[Exercise instructions] Look below for the lines from the one with "Black Funny Drum" to the one with "High Quality Luxury", and copy exactly those lines, both ends included.

[Supplied entries]
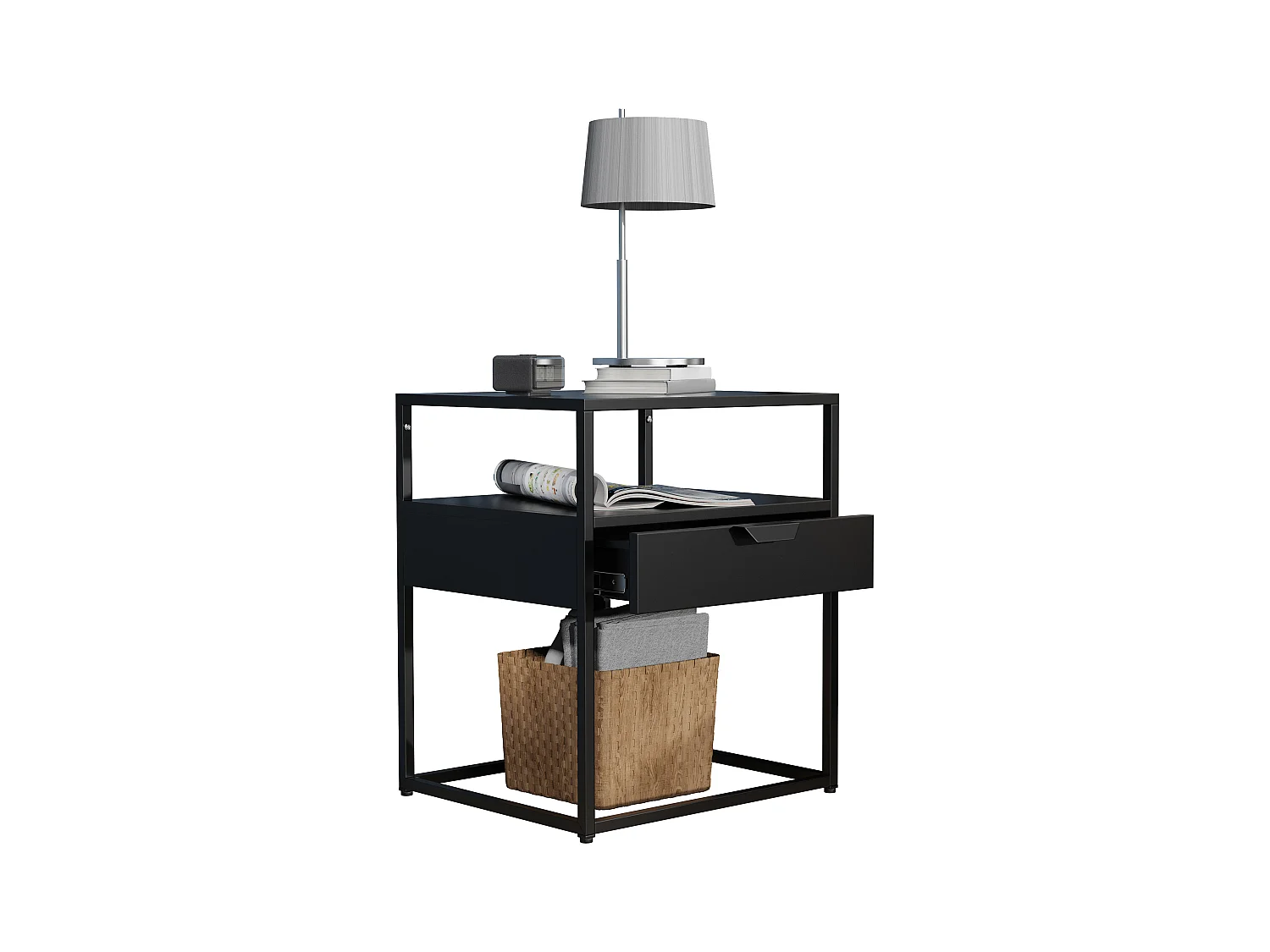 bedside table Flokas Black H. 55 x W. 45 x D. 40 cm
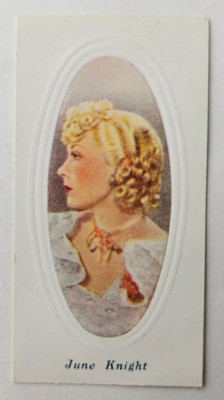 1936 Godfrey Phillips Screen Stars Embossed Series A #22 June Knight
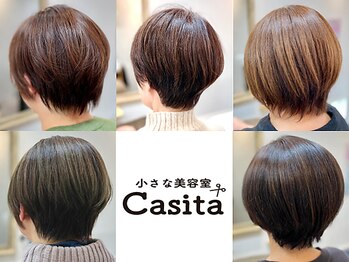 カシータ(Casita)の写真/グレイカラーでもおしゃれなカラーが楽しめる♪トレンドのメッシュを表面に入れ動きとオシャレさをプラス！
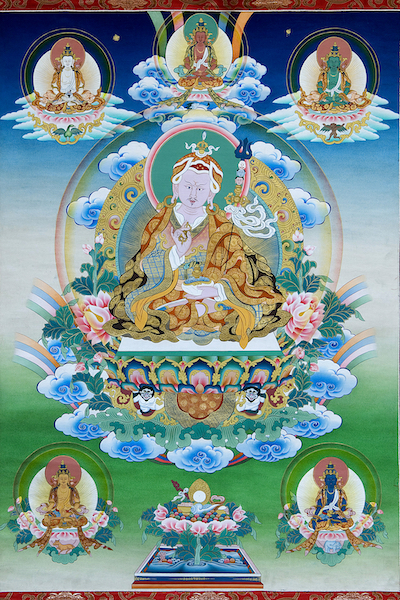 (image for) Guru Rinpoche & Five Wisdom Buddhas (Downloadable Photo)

...

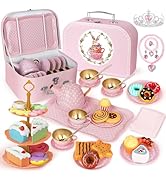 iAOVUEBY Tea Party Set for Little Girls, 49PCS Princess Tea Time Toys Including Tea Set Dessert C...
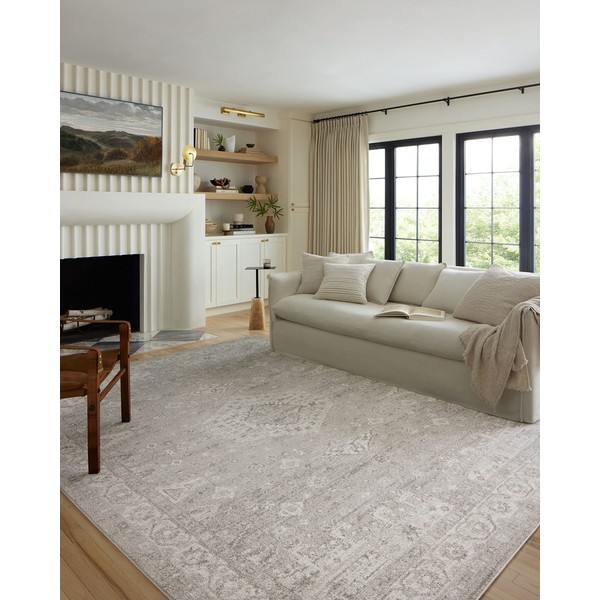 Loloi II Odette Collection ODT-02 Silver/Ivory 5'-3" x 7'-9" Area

---

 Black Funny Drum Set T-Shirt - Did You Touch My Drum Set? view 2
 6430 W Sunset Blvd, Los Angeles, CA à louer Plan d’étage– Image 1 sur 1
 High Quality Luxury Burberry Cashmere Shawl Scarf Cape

[Solution to this task]
 Black Funny Drum Set T-Shirt - Did You Touch My Drum Set? view 2
 6430 W Sunset Blvd, Los Angeles, CA à louer Plan d’étage– Image 1 sur 1
 High Quality Luxury Burberry Cashmere Shawl Scarf Cape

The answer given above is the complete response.